Supplied records:
-- Opening Marker --

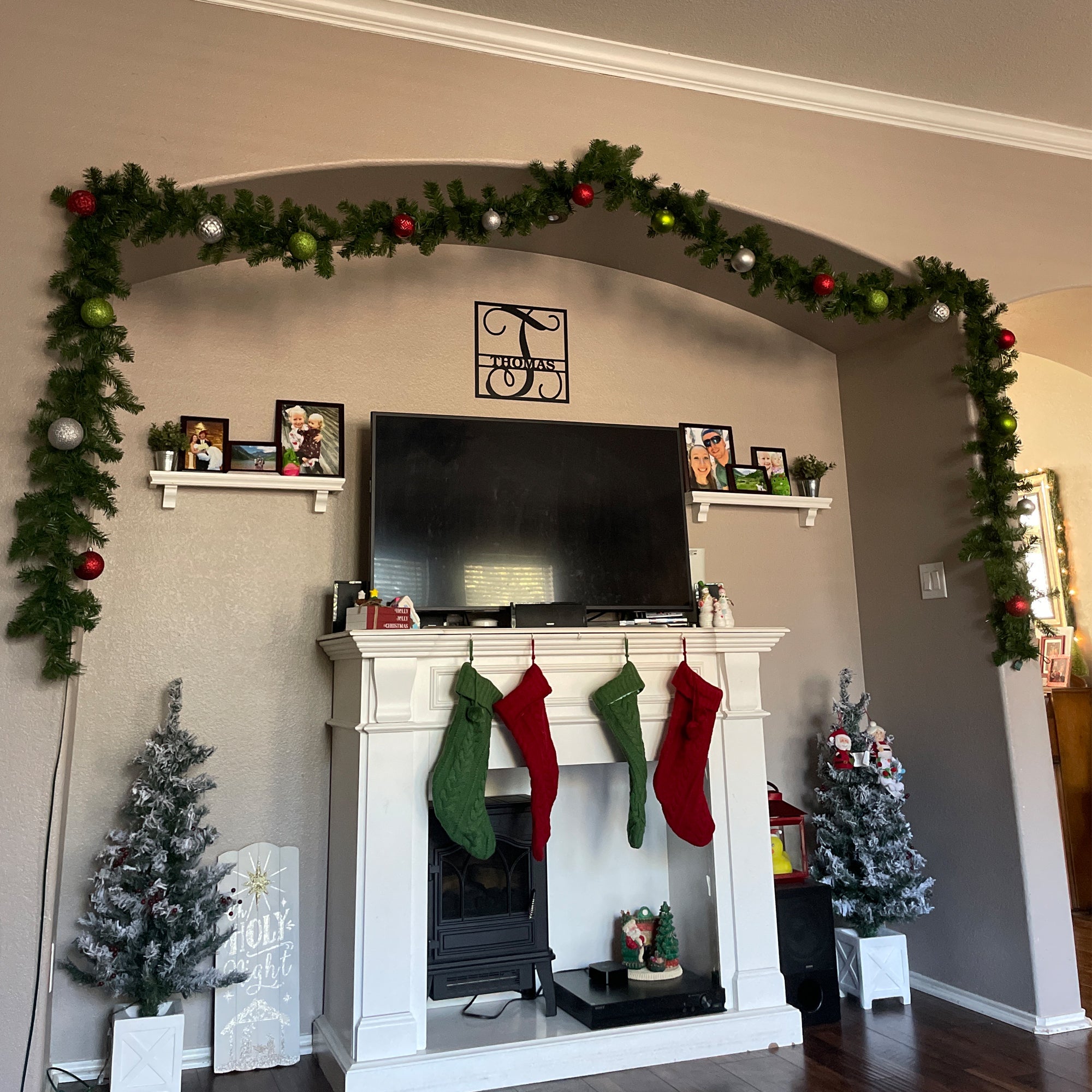 9' x 10" Pre-Lit Windsor Pine Artificial Christmas Garland - Clear Lights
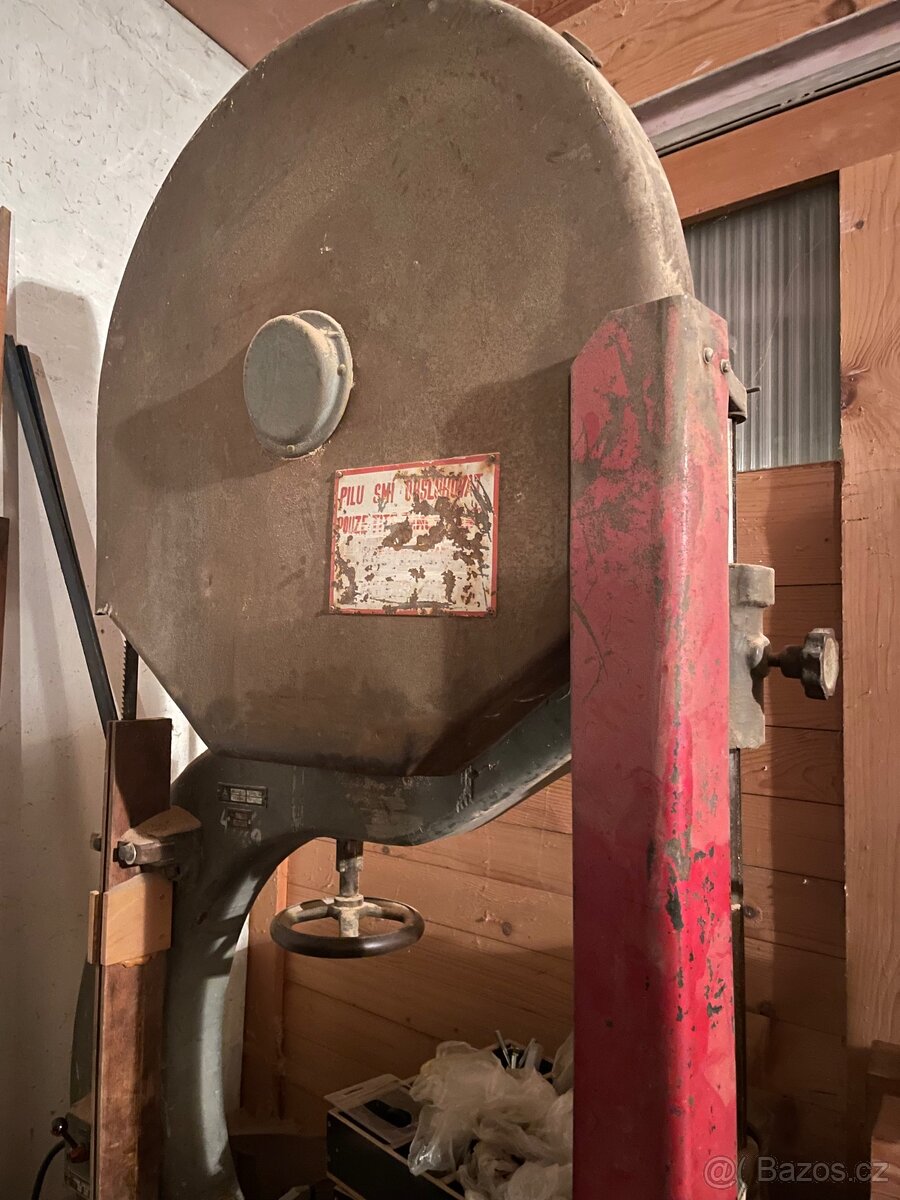 Pásová pila Tos - 3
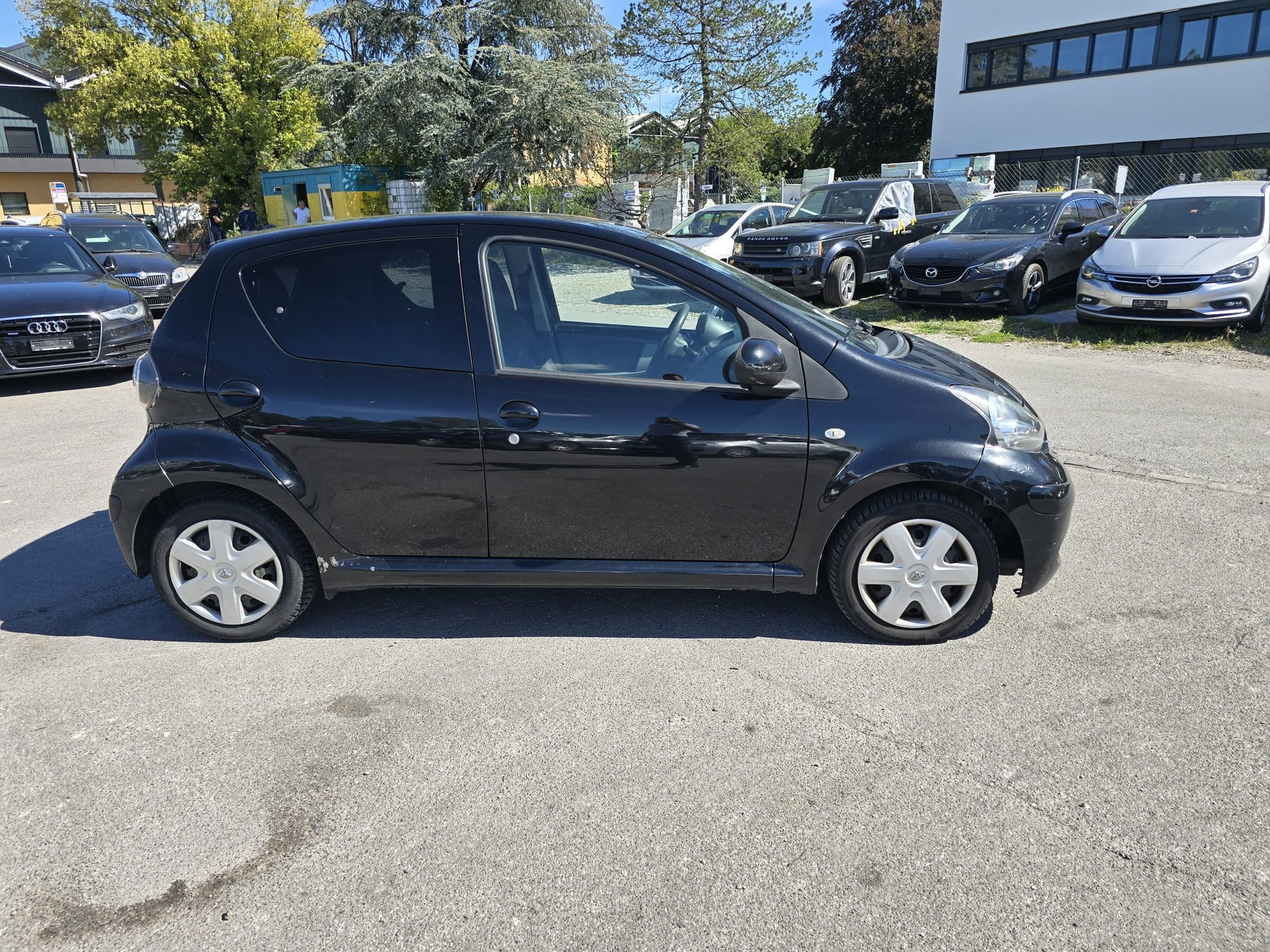 TOYOTA Aygo 1.0 Linea Sol-image-5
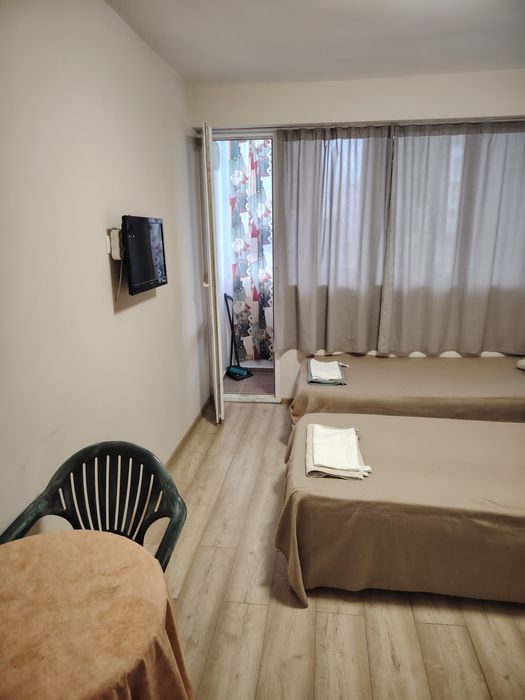 Отдавам под наем боксониера в Сл.бряг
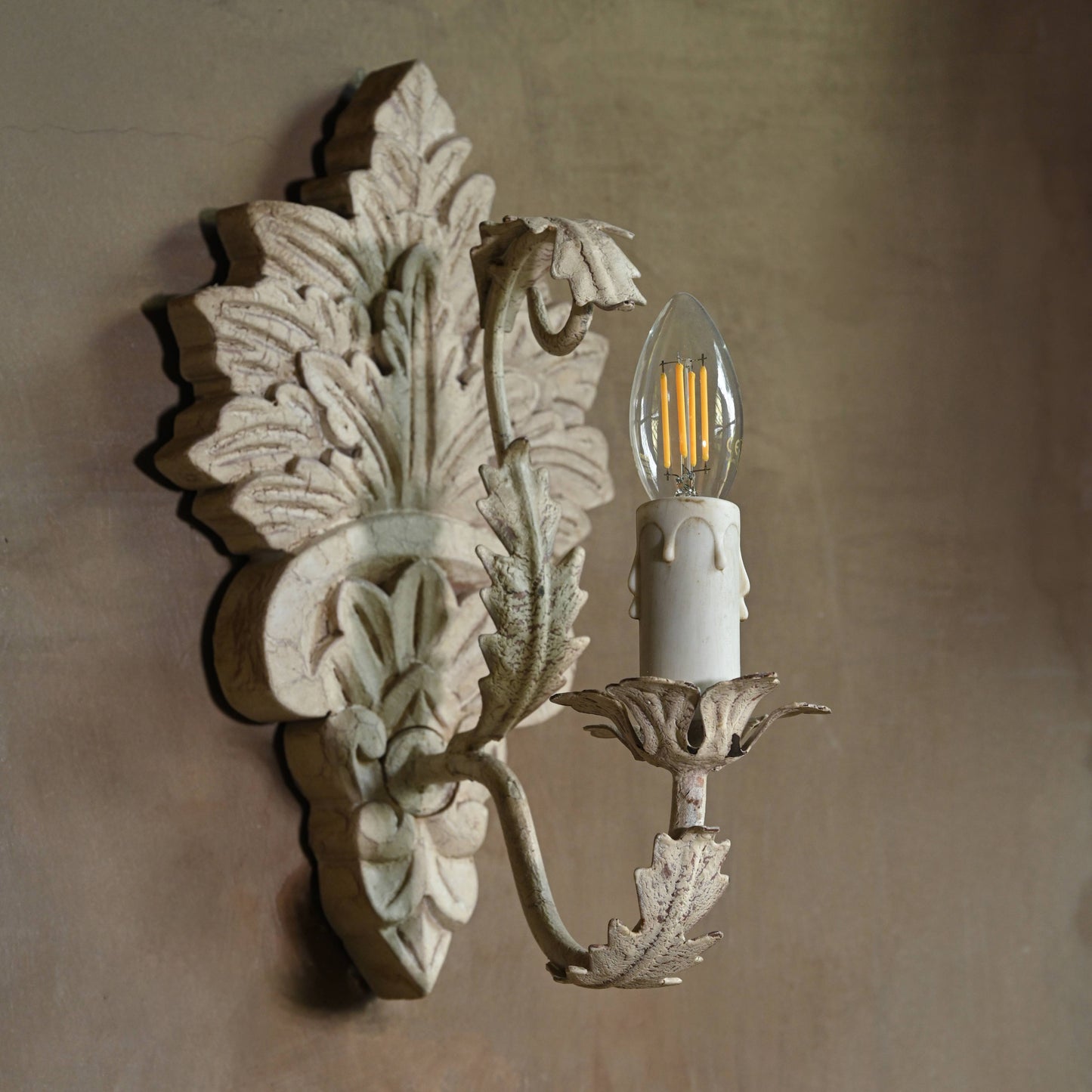 Pearly Wall Sconce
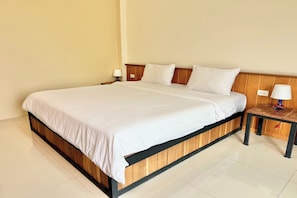 Deluxe Double Room | Desk, free WiFi, bed sheets - Palmhug Hotel (Wiang Pa Pao)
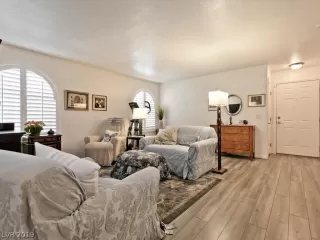 Photo #3: 2136653 Listing 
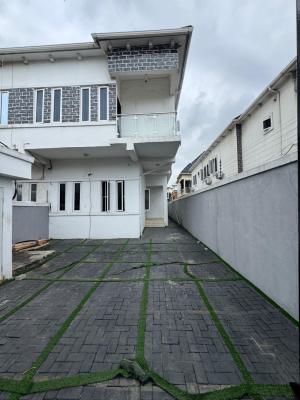 Maintained 4 Bedroom Semi Detached, Chevron, Lekki, Lagos, Semi-detached Duplex for Rent
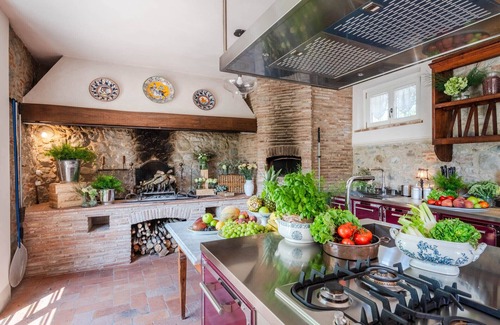 Capannori Villa | Air Conditioned 10 Bedrooms Luxury Villa and Pool in Lucca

-- Closing Marker --

Problem description:
Beginning at the line with "Maintained 4 Bedroom", reproduce word for word each line through the last line of the records. Include both ends but no pictures.

Solved problem:
 Maintained 4 Bedroom Semi Detached, Chevron, Lekki, Lagos, Semi-detached Duplex for Rent
 Capannori Villa | Air Conditioned 10 Bedrooms Luxury Villa and Pool in Lucca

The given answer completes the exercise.